Data under study:

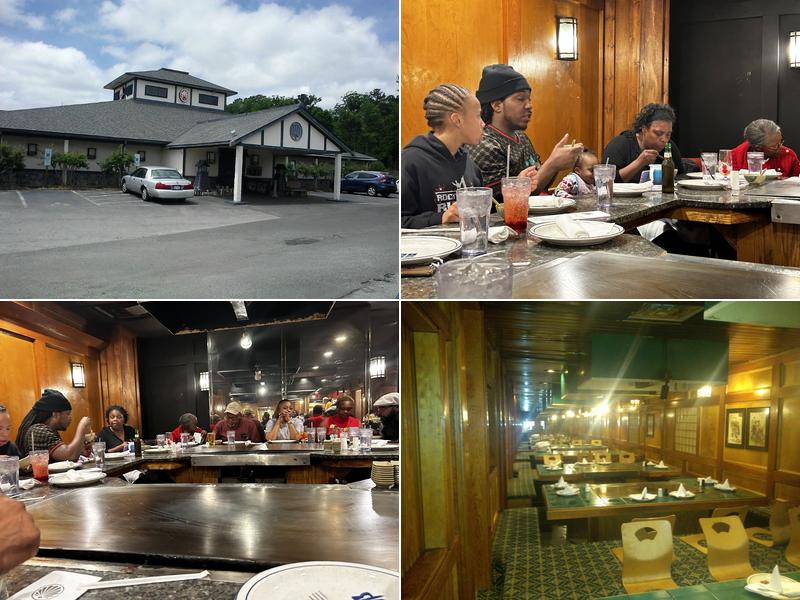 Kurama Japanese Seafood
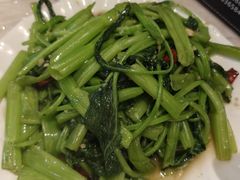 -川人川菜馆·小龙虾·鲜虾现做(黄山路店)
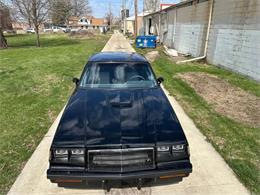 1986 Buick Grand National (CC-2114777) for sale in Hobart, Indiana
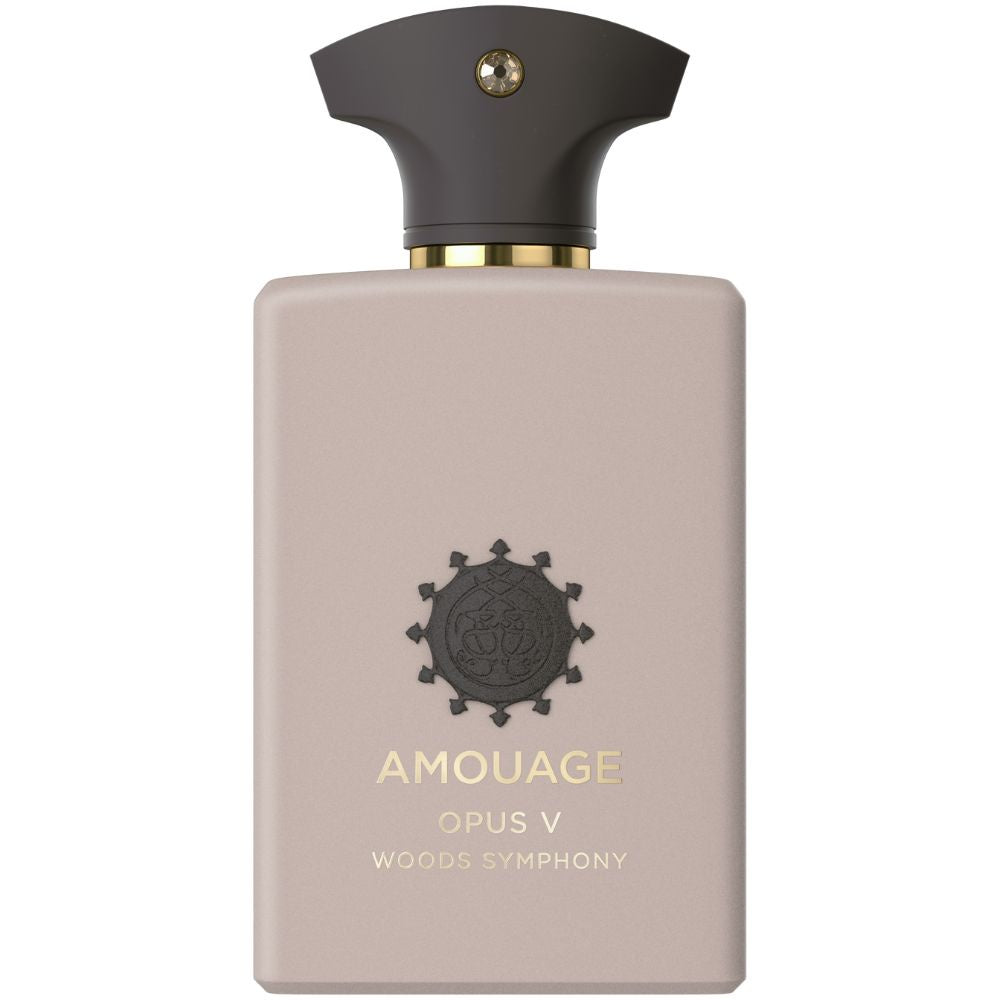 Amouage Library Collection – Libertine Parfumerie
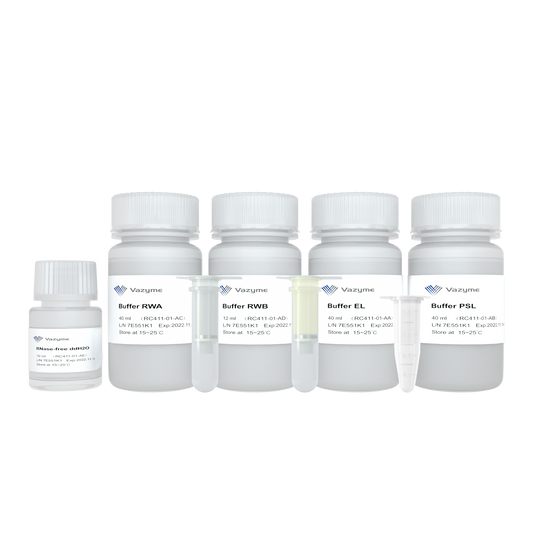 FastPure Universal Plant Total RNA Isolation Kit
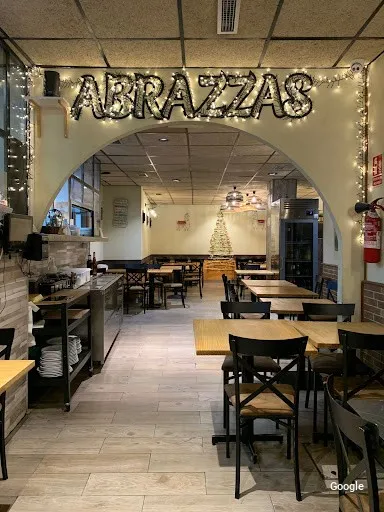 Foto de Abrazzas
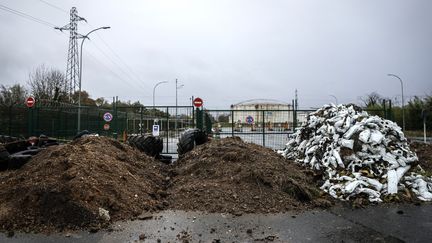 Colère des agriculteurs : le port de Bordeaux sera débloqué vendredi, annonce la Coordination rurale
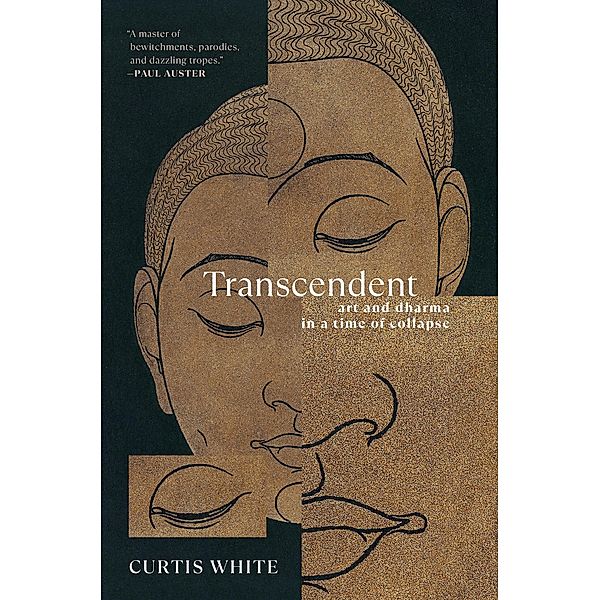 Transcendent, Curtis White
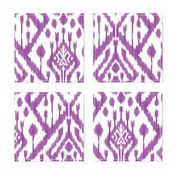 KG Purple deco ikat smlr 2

Problem to work on: Write out each entry above once more, exactly as written, and drop the pictures.

Answer area:
 Kurama Japanese Seafood
 -川人川菜馆·小龙虾·鲜虾现做(黄山路店)
 1986 Buick Grand National (CC-2114777) for sale in Hobart, Indiana
 Amouage Library Collection – Libertine Parfumerie
 FastPure Universal Plant Total RNA Isolation Kit
 Foto de Abrazzas
 Colère des agriculteurs : le port de Bordeaux sera débloqué vendredi, annonce la Coordination rurale
 Transcendent, Curtis White
 KG Purple deco ikat smlr 2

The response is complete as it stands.